StJohn Deakins, CitizenMe

Eight years ago, StJohn was living very differently. He had started a company that was connecting over 100 million people worldwide to the internet, and ultimately sold it to an American company for more money than he knew what to do with. He went on holidays, dabbled in VC land, did some startup advisory, even made a film about Twitter. But he realised that he was doing all the things that everyone else did when they successfully exited a company and made a lot of money — so he took his million-dollar lifestyle and ripped it up. He was missing purpose. He was young, and looking around him, he saw all the things that desperately needed to be fixed. But where to start? Watching his two young children grow, two large issues for their future came to mind: one was climate change, and the other was what happens with everyone’s personal data. He knew the shift into a digitized world was not slowing down, but he also knew that we were in danger of losing the human element in the midst of the tech. He resolved to dive back into startups to find a way to help humans sustain the evolving digital world. CitizenMe was started in 2013 in the UK, and basically reorganises the internet around the individual, giving everyone a copy of their own data. The beta of the app allowed people to scan the apps they already used, such as Facebook and Twitter, showing them gaps in their personal data safety, and teaching them how to change view and change privacy settings. The latest version of their app allows people to see what their data says about them, as well as controlling it, from something as simple as wanting to know how their Facebook profile reflects on them socially, to knowing when they might experience an episode when suffering from different mental health issues.

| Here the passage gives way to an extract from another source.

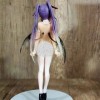 NEWLIA Original - Veille - 1/6 Figurine danime Ecchi Figurines daction Objets de Collection animés Modèle de Personnage de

The app is altering the ways in which people look at their own data and how it can be used effectively for them, not against them. Find out more at https://citizenme.com/.

Nancy Roberts, Umbrella

Nancy spent a long time working in industries where she felt like her voice wasn’t always heard in the room. She also noticed that others often felt the same way. She would ask her friends and colleagues, wondering if they shared any of the sae experiences– be it race, religion, gender, sexual orientation, it seemed that most people she knew felt some kind of discrimination in their workplace at some point in their career. The system of the workplace was flawed, she realised. If companies and businesses were given the tools to change how they manage their employees and work with them to dispel negativity in their work environment, it would only lead to success. Umbrella Analytics uses AI tech and works with HR teams in order to give them the tools they need to ensure that workplaces are diverse and inclusive, leading the way for not only more open and creative staff, but for a safer working environment that enables companies to achieve great things as teams. Find out more at https://umbrellaanalytics.net/.

Alistair Shepherd, Saberr

Saberr is a company that helps managers lead their teams effectively, driving them to perform at their best. Their focus is solely on teams, not individuals, because they feel that teams are where productivity losses and gains come from. Today’s hardest issues need teams in order to be solved. Taking the Nobel Prize as an example — increasingly it is being shared amongst a team of people because of the necessity and benefits of working in groups rather than alone. Alistair believes that individuals certainly contribute, but if you look back at the world’s history, it’s teams that have truly shaped it. Coachbot, created by Saberr, helps managers get their teams on track through confident communication. Its purpose is to help drive the conversations that should be happening but just aren’t. The program takes feedback from the individuals, such as what they think they should be discussing in the weekly meeting, and then creates a shared agenda for the group that allows everyone’s ideas and opinions to be brought up and covered, promoting inclusivity, diversity, and collaboration. Performance, engagement and trust all improve after only a short time using the program, demonstrating that communication is really at the heart of effective team management. Currently, Saberr is primarily working with larger enterprises such as the NHS, technology companies, and banks. Find out more at https://www.saberr.com/.

Jo Eckersley, Bubbl

Jo is the founder of Bubbl Limited, a company she started after moving away from a long career in PR, advertising and marketing. The push came from the changes she was seeing in the advertising world — what was once an industry built on relationships, connection, and sharing values with the consumer, was now something much more negative and dishonest. To her, it felt like the industry was moving away from long-term impact, to short-term gain. She wasn’t interested in making a lot of money fast, with the consequence of leaving behind a dark mark on society. From another point of view, she also felt that advertising and marketing were no longer serving the people as a whole, but individuals that they decided to hone in via personal data. Companies will use your data to market to you based on things like search history and often even stolen personal identity. Jo felt that she was not just one person. She’s a CEO and a mom, and both those labels come with different attitudes and needs, something that the current industry wasn’t appealing to. Bubbl is a real-time, location-based platform that enables customer engagement with brands, bringing that relationship aspect back into the equation of consumerism. The focus is entirely on content and the consumer, a big change from the current traditions of the market. Find out more at https://bubbl.tech/.


Q&A Highlights

Is what they’re trying to do going to end social media?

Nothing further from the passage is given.